*** Opening of RECORDS ***

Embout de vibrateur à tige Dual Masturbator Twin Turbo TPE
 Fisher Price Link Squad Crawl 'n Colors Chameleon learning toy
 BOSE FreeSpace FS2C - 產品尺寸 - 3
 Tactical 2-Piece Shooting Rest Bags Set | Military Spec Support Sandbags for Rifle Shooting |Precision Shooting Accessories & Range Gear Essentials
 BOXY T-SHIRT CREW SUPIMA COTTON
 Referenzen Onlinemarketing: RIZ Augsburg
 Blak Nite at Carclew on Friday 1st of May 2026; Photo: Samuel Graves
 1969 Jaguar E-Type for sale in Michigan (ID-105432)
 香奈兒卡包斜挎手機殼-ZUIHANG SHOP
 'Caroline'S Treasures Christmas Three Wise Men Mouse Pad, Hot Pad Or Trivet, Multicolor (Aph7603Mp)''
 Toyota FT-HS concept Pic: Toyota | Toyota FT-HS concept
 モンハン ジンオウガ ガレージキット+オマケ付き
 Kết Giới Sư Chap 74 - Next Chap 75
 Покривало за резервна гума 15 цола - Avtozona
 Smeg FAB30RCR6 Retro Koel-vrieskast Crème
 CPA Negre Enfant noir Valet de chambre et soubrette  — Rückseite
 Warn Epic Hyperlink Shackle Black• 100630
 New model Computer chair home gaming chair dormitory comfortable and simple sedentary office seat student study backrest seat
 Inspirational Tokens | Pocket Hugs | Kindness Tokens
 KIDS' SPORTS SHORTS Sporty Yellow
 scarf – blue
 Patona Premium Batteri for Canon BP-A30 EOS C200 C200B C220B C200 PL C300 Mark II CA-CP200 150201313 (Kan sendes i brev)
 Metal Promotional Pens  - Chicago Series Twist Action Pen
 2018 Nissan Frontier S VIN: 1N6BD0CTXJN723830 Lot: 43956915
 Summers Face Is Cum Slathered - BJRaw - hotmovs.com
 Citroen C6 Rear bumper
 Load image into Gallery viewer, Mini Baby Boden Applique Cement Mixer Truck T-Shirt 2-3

*** Close of RECORDS ***

TASK DIRECTIONS — Return exactly, and only, the lines above starting at the line that contains "Patona Premium Batteri" and ending at the line that contains "2018 Nissan Frontier".

RESPONSE TO THE TASK —
 Patona Premium Batteri for Canon BP-A30 EOS C200 C200B C220B C200 PL C300 Mark II CA-CP200 150201313 (Kan sendes i brev)
 Metal Promotional Pens  - Chicago Series Twist Action Pen
 2018 Nissan Frontier S VIN: 1N6BD0CTXJN723830 Lot: 43956915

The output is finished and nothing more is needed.